Hundreds of people gathered last Saturday for an open house at Islamic Center of Muslim Association of the Lehigh Valley. Food was served from several Muslim cultures. When a call to prayer occurred during their visit, members of the association allowed them to stay in the prayer hall.
“It was very powerful to sit in this room with people, to support them praying and to have them sort of trust us to be there and to want to show us how they understand and practice Islam,” professor Jessica Carr said, who took five students to the event.
It wasn’t until she got home that she heard the news. Under President Donald Trump’s executive order on immigration, people from Muslim-majority countries were detained at airports, others were barred from entry into the United States and protests erupted across the country.
“Just the experience of being around people who were so welcoming, and then to go home and read about such discrimination was just such dissonance for me,” said Carr, who teaches religious studies.
She took action, both by signing a petition against the executive order and participating in a rally at Centre Square in Easton.
Carr is one of more than 60 Lafayette faculty members, including President Alison Byerly, who signed the petition condemning Trump’s executive order banning people from seven Muslim-majority countries from entering the United States. At press time, the petition has more than 27,000 signatures.
This petition marks Byerly’s fifth signed statement against policies and values that may be under threat with Trump’s administration. Echoing her earlier comments, she wrote in an email that she sees the petition as “a statement of values, not about a political candidate or party.”

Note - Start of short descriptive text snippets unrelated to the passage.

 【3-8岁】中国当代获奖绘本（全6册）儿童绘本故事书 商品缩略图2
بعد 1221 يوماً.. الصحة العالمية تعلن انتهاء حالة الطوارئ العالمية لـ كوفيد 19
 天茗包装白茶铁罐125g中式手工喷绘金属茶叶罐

Members of the faculty and administration are not the only members of the Lafayette community concerned about the executive order. Roughly 250 students, professors, administrators and members of the Lehigh Valley community congregated in the cold at Monday’s rally in Centre Square.
Kamini Masood ’19, who is from Pakistan and has a student visa, was one of those students. Although Pakistan is not one of the seven countries “of Particular Concern” listed in the order, she is worried about traveling after reports that Pakistanis were detained at the O’Hare International Airport in Chicago.

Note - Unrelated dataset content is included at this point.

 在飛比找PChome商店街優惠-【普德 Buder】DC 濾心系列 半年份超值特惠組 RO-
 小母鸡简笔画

Because of the order, she said her plans to travel to Russia for one of her classes at the end of the semester were upended. She also wanted to go home toward the end of the summer, but now she said she will probably stay on campus.
Masood went to the rally, because she said she feels like protesting is one of her only forms of political agency in the United States. She doesn’t have a representative to call or a vote to cast. Yet the order still made her afraid to leave the country, she said, along with other members of the international community at Lafayette from Muslim-majority countries.
“I realized, because I have no political agency as an international student, the least I can do is go to this rally,” Masood said. “Because I really can’t call anybody, I can’t do anything about this, aside from going and saying, ‘This is unfair.'”
At least four Trump supporters were at the rally, too, including one wearing all black and holding an American flag who shouted “Trump” behind Mayor Sal Panto during his opening remarks supporting the rally. The driver of a car covered with Trump banners circled Centre Square in the beginning of the rally, honking intermittently.
Also among the protesters against the executive order at the rally was professor of Middle Eastern history Rachel Goshgarian. On top of that, she signed the same petition as other Lafayette faculty members and Byerly. One of the reasons for being against the order, the petition reads, is that it “significantly damages American leadership in higher education and research.”
Goshgarian sees this in her field of study. A Syrian friend of hers is doing research in Istanbul, she said, for his Ph.D. program at a college in New York City. After the immigration ban, she said he doesn’t know what to do when he runs out of funding for his research. Other people she knows have similar stories, she said, and it creates a disparity of who can travel for research in her field.
“It’s as if the carpet has been ripped out from under their feet,” she said.